Inter e Milan Preparam a Demolição do Estádio Giuseppe Meazza Após um Século Épico

 



O Estádio San Siro, oficialmente Giuseppe Meazza, caminha para seu último ato após um século de história no futebol mundial. A decisão conjunta de Inter e Milan de substituí-lo por uma arena futurista, sob o risco de demolição de 90% da estrutura, marca o fim de uma era e o início de uma nova fase de modernização para os clubes mais emblemáticos de Milão.

A história de San Siro começou com uma visão singular do então presidente do Milan, Piero Pirelli. Inaugurado em 1926, com capacidade inicial para 35 mil pessoas e apenas quatro arquibancadas, o estádio rapidamente se tornou o palco principal do futebol milanês. Após sediar jogos da Copa do Mundo de 1934, foi municipalizado e ampliado para 55 mil espectadores, uma capacidade vital quando a Inter passou a compartilhar o campo a partir da temporada 1947/1948.

A verdadeira ascensão de San Siro ao status de "Scala do Futebol" ocorreu a partir dos anos 60. Com Inter e Milan dominando o cenário europeu, o estádio se consolidou como o palco onde os maiores talentos globais se apresentavam. Em 1979, foi renomeado em homenagem ao lendário Giuseppe Meazza, um dos primeiros superastros a brilhar em seu gramado.

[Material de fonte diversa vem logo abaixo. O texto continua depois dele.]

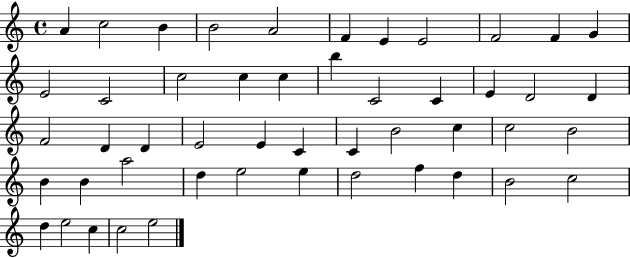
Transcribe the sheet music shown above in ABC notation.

X:1
T:Untitled
M:4/4
L:1/4
K:C
A c2 B B2 A2 F E E2 F2 F G E2 C2 c2 c c b C2 C E D2 D F2 D D E2 E C C B2 c c2 B2 B B a2 d e2 e d2 f d B2 c2 d e2 c c2 e2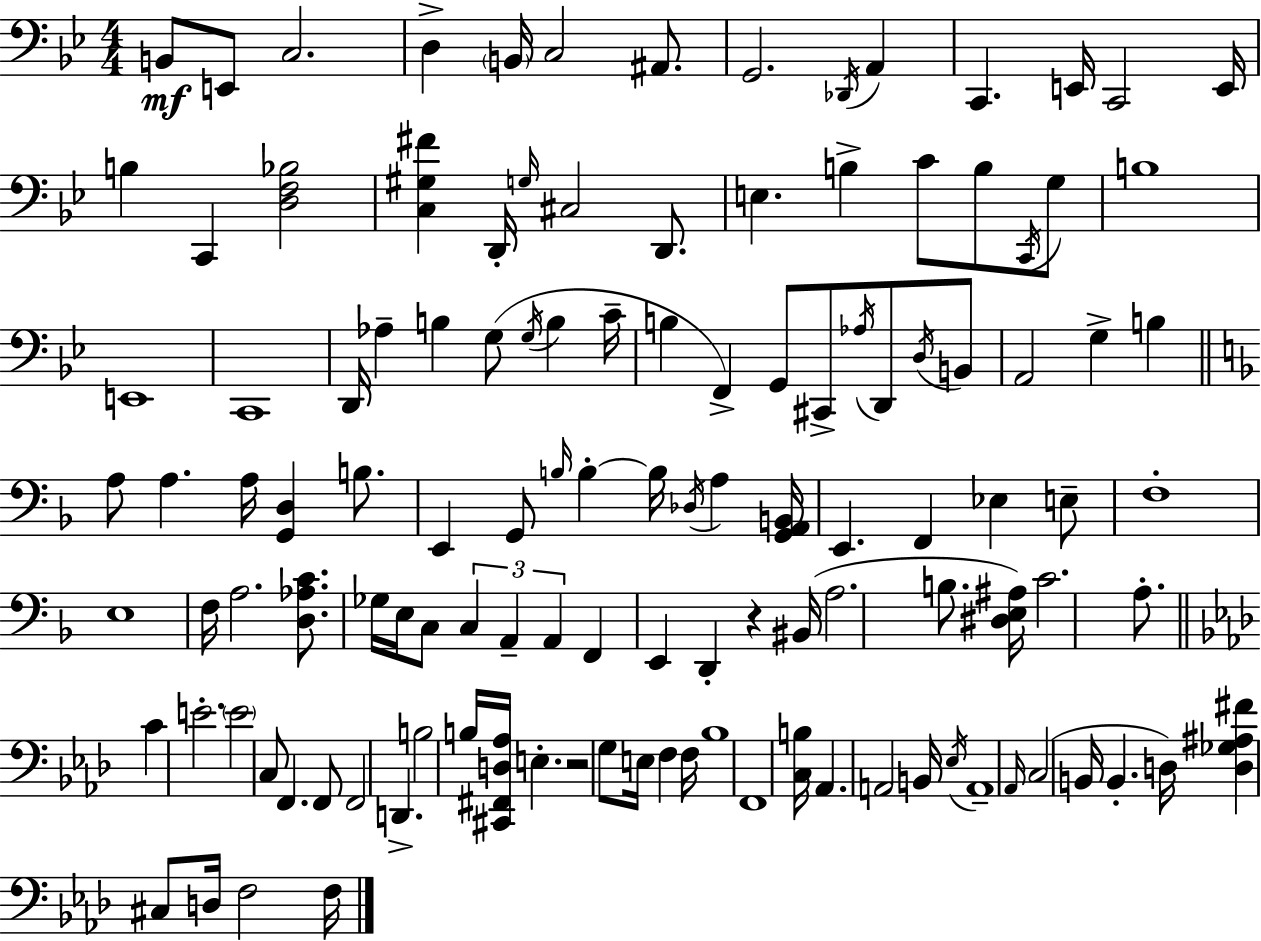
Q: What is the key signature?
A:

A sua forma mais icônica, no entanto, veio com a gigantesca reforma para a Copa do Mundo de 1990. A adição do terceiro anel, sustentado pelas emblemáticas onze torres cilíndricas, e a cobertura integral elevaram a capacidade para mais de 85 mil lugares, transformando-o em uma maravilha arquitetônica da época. Essa ampliação, contudo, trouxe desafios, notadamente o deterioramento do gramado, afetado pela falta de luz e ventilação, um problema crônico que perdura.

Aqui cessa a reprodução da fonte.